The NT Government has confirmed its considering moving female adult prisoners to Don Dale when the youth detainees move out – prompting criticism. So is the old Berrimah prison a cockroach-infested hellhole, or an upgraded correctional facility still capable of humanely detaining inmates?

Generic Photo Of Don Dale Youth Detention centre, Darwin. Picture GLENN CAMPBELL
Generic Photo Of Don Dale Youth Detention centre, Darwin. Picture GLENN CAMPBELL

In 2016, Four Corners reporter Caro Meldrum-Hanna wrote to Northern Territory Corrections Minister John Elferink requesting access to the Don Dale Youth Detention Centre and other correctional facilities. “Based on our research, the Northern Territory is proactively trying to make things better,” she wrote.

“From Sentenced to a Job, in-prison education programs, reducing offending rates, restraining the growth of prisoners, to barbecues being planned in Don Dale to teach juveniles about cooking. Minister Elferink, this is a significant legacy. It is also your legacy.”

Elferink obliged, however the program that went to air a few weeks later seemed to gloss over the “significant legacy” part, preferring instead to portray the minister in a far less positive light than had been promised in the gushing letter.

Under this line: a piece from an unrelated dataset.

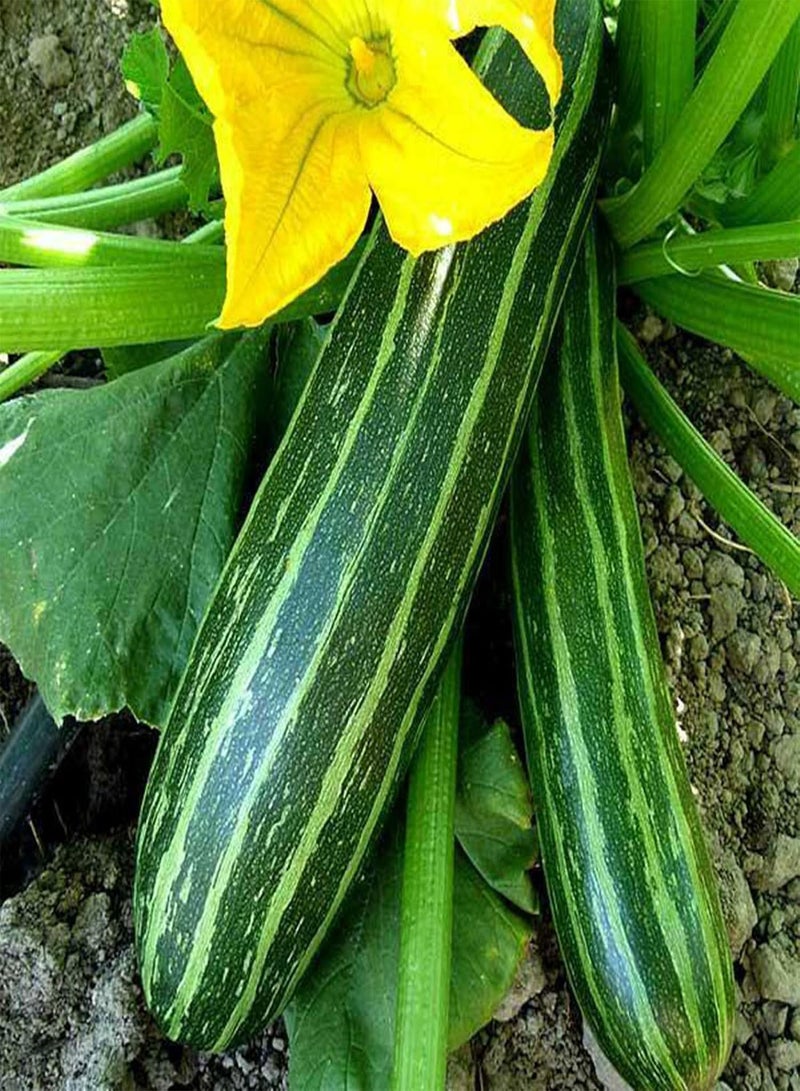 GGOOT 100Pcs/Bag Zucchini Seeds Delicious Low Fat Mini Pumpkins Long Green Seeds for The Garden Zucchini Seeds - Image 1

Given this history you might have forgiven the former CLP administration for never allowing the cameras in again. But a couple of weeks after that program went to our, we were given permission to film at the “new” Don Dale Detention Centre – the old Berrimah prison where youth detainees were transferred in 2015.

Caro Meldrum-Hanna.
Caro Meldrum-Hanna.

This is the same facility former Corrections Commissioner Ken Middlebrook told a coronial inquest in 2011 was fit only for a bulldozer.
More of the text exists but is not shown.